2014年04月18日 | アクション映画ーワ行
『ホットファズ 俺たちスーパーポリスメン!』などのエドガー・ライト監督、サイモン・ペッグ、ニック・フロスト主演という黄金トリオが放つSFコメディー。故郷の街でパブのはしごをする中年男性5人組が、いつしか世界存亡を懸けた戦いに身を投じるはめに。『思秋期』などのパディ・コンシダイン、『ホビット 思いがけない冒険』などのマーティン・フリーマンら、イギリスの実力派が共演。奇想天外な設定や物語に加え、サイモンとニックが繰り出す息の合った掛け合いも見ものだ。
あらすじ:ひと晩に5人で12軒のハシゴ酒という学生時代に達成できなかった挑戦にリベンジすべく、故郷であるイギリス郊外の街ニュートン・ヘイヴンに戻ってきた中年男性たち。終点となる12軒目のパブ、ワールズ・エンドを目指して、ひたすら飲みまくっては大騒ぎする彼らだったが、どこか街の住民たちの様子がおかしいことに気付く。やがて、住民が何者かによって操られていることが判明。目を光らせて青い血を流す彼らに追い掛けられながらも、五人はハシゴ酒を成し遂げようと逃げては飲んでを繰り返していく。

<感想>この映画は究極なまでにサイモン&ニック&エドガー的な映画になっている。何しろ」、約20年前に成し遂げられなかった「「一晩で12軒のパブで、1パイントずつビールを飲み干す」というミッションを、アラフォー世代となったオッサンたちが、故郷で再会して今度こそ果たそうという同窓会から、地球侵略SFの展開でお決まりの怒涛のアクションムービーになっている。しかし、今回のアクションは前2作をしのぐ爆裂っぷりですから。
そして、最終的にストーリーは、現代のアーサー王物語へと半ば強引に展開していくのである。爆笑に興奮、そして脱力の3つがヤバイ配合で、しっちゃかめっ茶化に合わさったバッドドリップ度がさらにアップしていて、遂には、やつら行きつくとこまで行っちまった感じなのである。

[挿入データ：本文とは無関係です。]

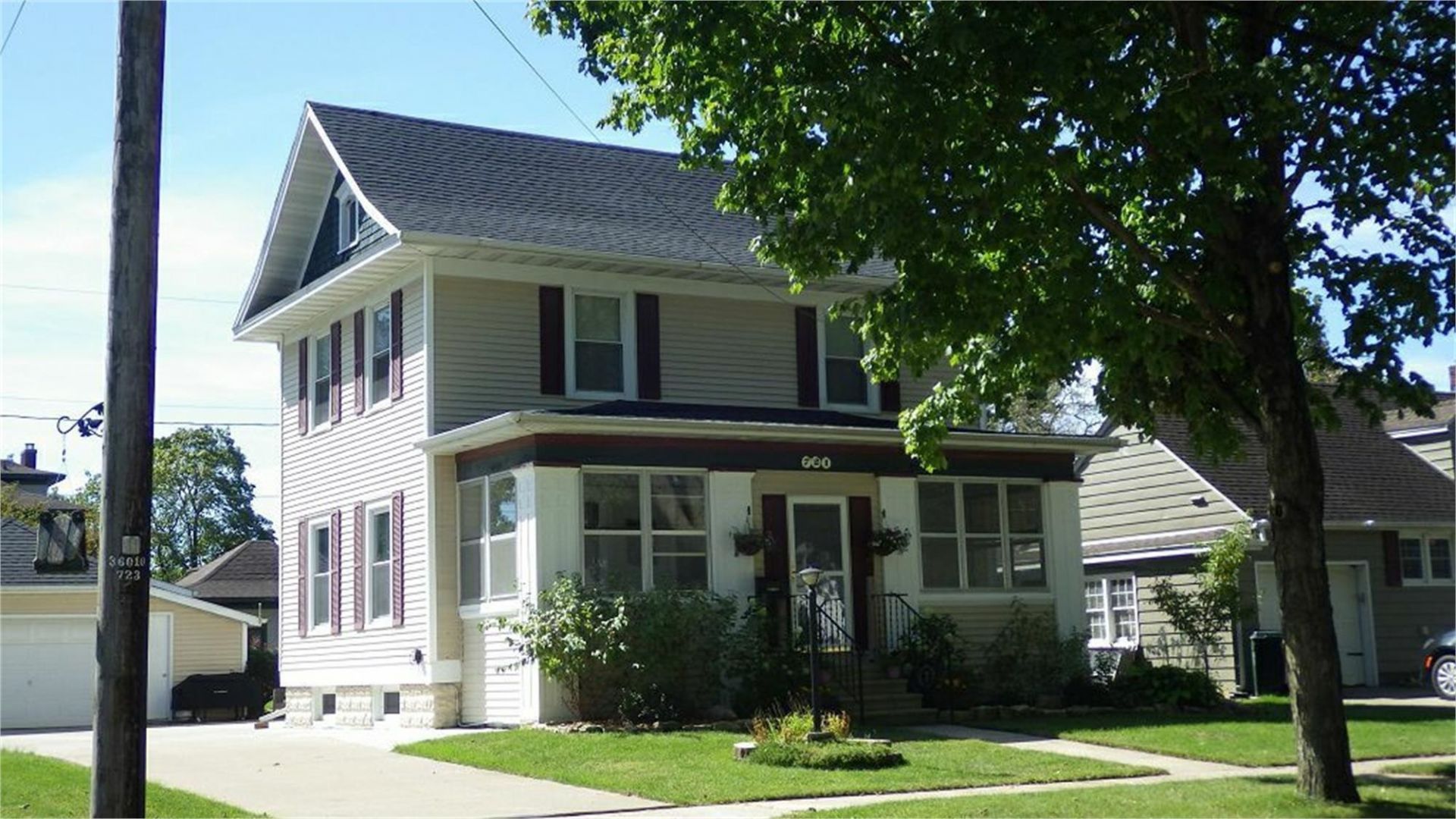 721 E Fayette Street, Manchester, IA 52057 Main Photo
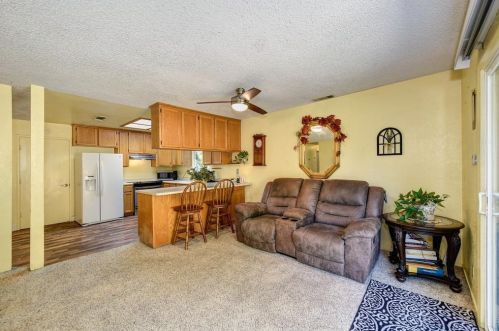 10909 Walnutwood Way, Rancho Cordova CA  95670-5114 exterior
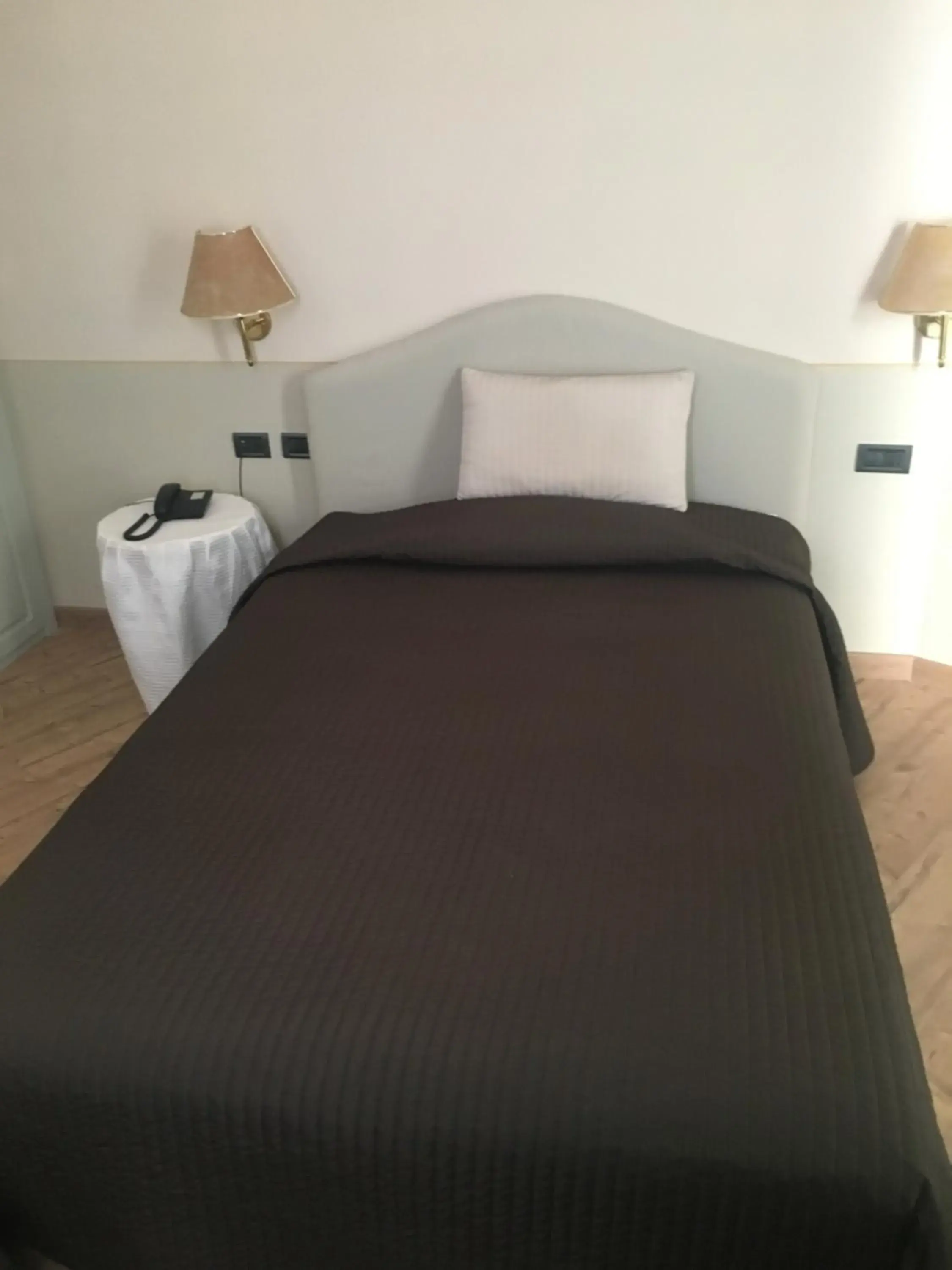 Single Room in Green Hotel Single Room in Green Hotel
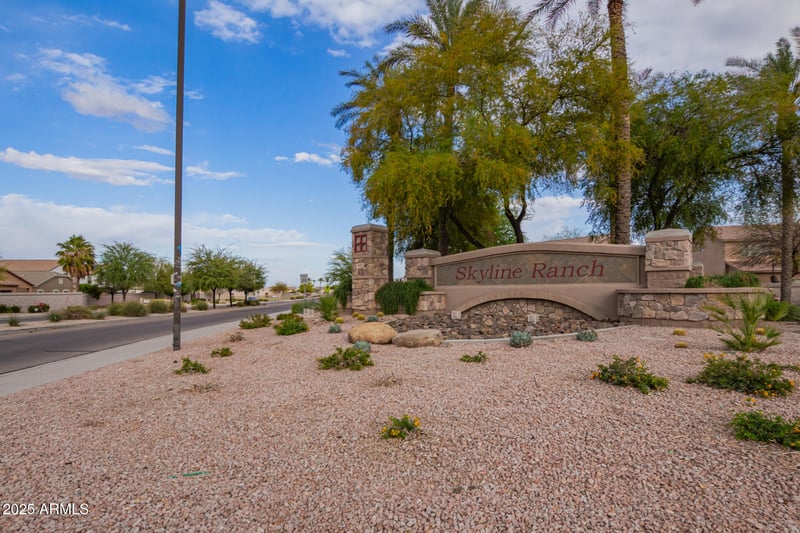 959 Desert Hills Dr, San Tan Valley, AZ 85143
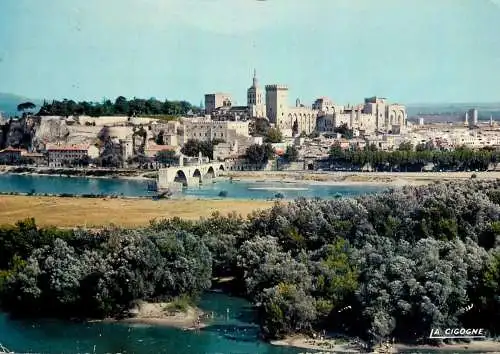 Postcard France Avignon ville des Papes 1970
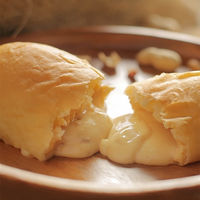 【手土産やお祝いの贈り物に】 広島  「八天堂」  くりーむコッペパン 3種9個 詰合せ ギフトカード　二重封筒（直送品）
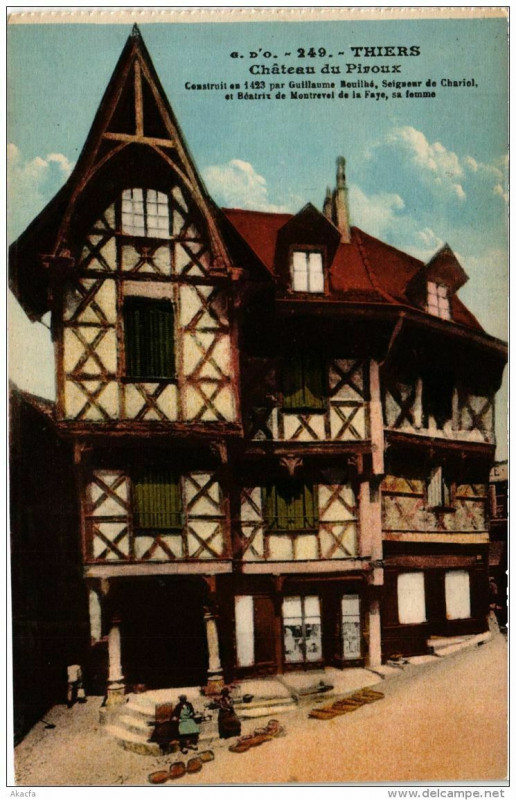 Carte postale ancienne Thiers Chateau du Piroux à Thiers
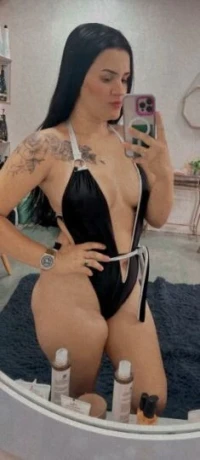 Gaby Castro — 3 / 5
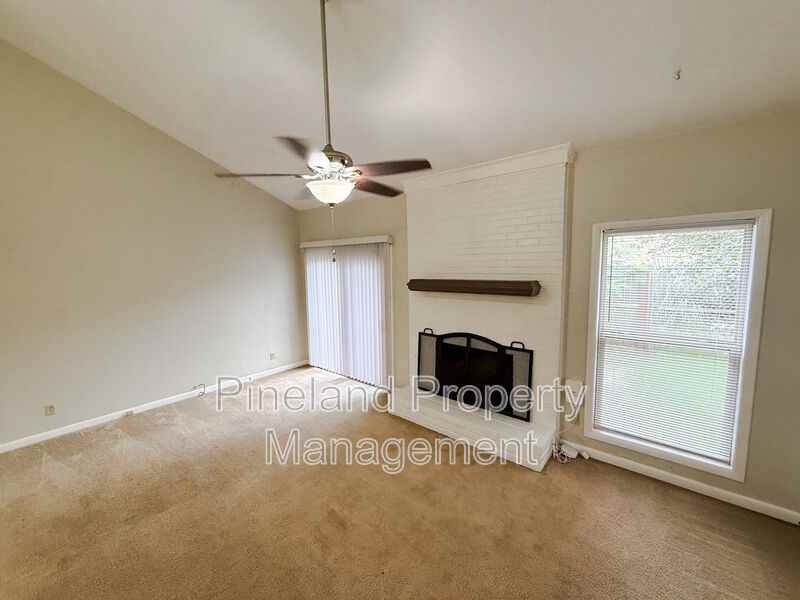 888 De Paul Dr - Photo 3 of 20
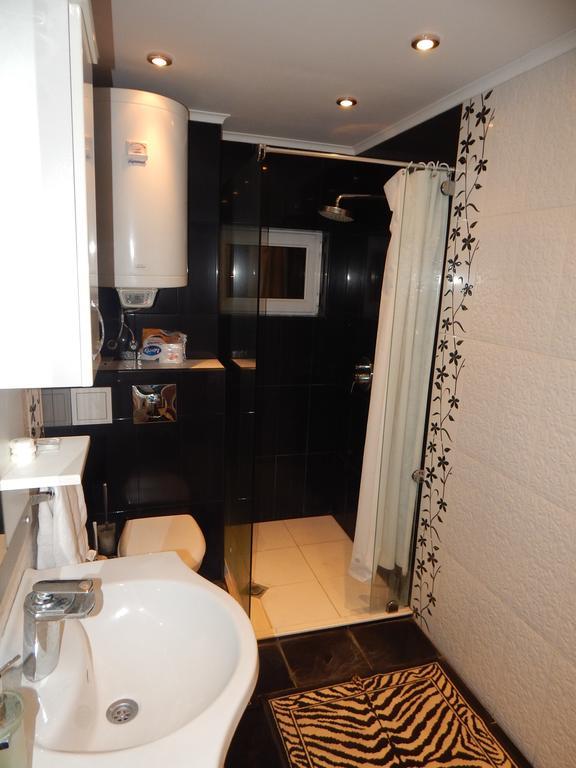וארנה Ivet Guest Rooms מראה חיצוני תמונה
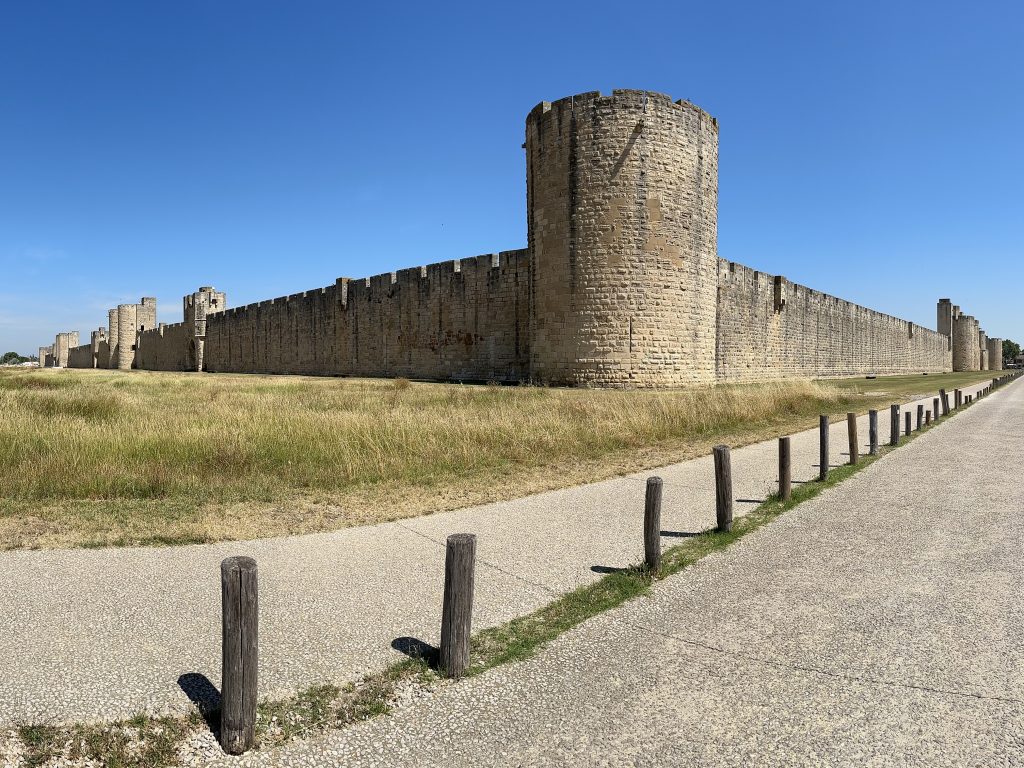 Remparts d’Aigues-Mortes sous un ciel bleu lors d’un safari Camargue Sauvage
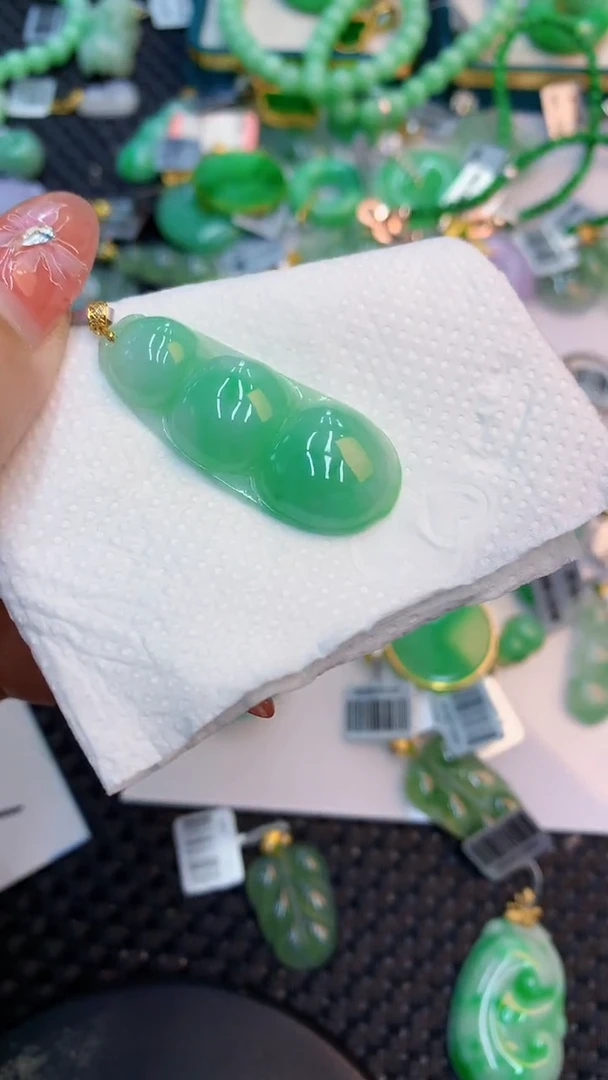 颈饰18K金镶嵌翡翠1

さてそこで思いを馳せたいのが、このサイモン&ニック&エドガーの3人はいったい、このシリーズで何をしたのかということだ。何しろ3本とも、清々しいくらいにバカバカしい映画である。しかし、ただひたすら観客を笑わそうと悪ふざけをしているのとは、全く違うのだ。
「ショーン・オブ・ザ・デッド」も「ホットファズ 俺たちスーパーポリスメン!」も、今回の「ワールズ・エンド酔っぱらいが世界を救う!」も、本物の映画バカによる大真面目のおバカ映画としての明確なメッセージに貫かれているのである。

大人になりきれない大人たちが、大人になりきれないまま悲惨な状況に立ち向かわざるを得なくなる。それが、「コルネット三部作」のパターンであるから。途中で、酒の勢いが入る点と、いい年こいてきたからこそ濃いキャラになる男の友情を描いているという点では、「ハングオーバー!」シリーズにも共通するけれど、自業自得で面倒に巻き込まれていく展開という意味では、「ハングオーバー」シリーズの方が、もうちょっと古典的なコメディとしては気楽に観られる。

特にサイモン・ペッグ演じるキャラクターに、実はこの世はかくあるべきというこだわりと、使命感のようなものがあり、どんくさいようで実は一番それを理解して、そこについて来てくれるニック・フロストが演じる法律事務所で働くアンディがいて、その二人の意志の団結が、のらりくらりとしながらも、熱くストーリーを引っ張っているのだ思った。
これは、エドガー監督やサイモンが、映画なんかで世界は変わらないという冷めた視点は持ちつつも、悲惨な世の中を映画で笑い飛ばしてやることによって、少しは変わるのかもしれないという青臭さを、大切にしているということなのだろう。

この映画を観て思ったのが、「光る眼」や「地球が静止する日」といった侵略SF映画と類似しているように見受けられた。街の人々は、ロボットと入れ替わっていたのだ。ゲイリーたちはロボット軍団から追撃されながら、パブではしご酒をして、謎を解き明かそうとする。
前二作にも登場した英国特有の文化の象徴であるパブが主要の舞台であることに、日本人は若干戸惑うかもしれない。国際資本によって均一化していく故郷への違和感には、きっと日本人も強く共感できるはずです。
ちなみに本作は、「ショーン・オブ・ザ・デッド」「ホットファズ 俺たちスーパーポリスメン!」に続く三部作の完結編とされていて、同種の映画はこれが最後となるらしい。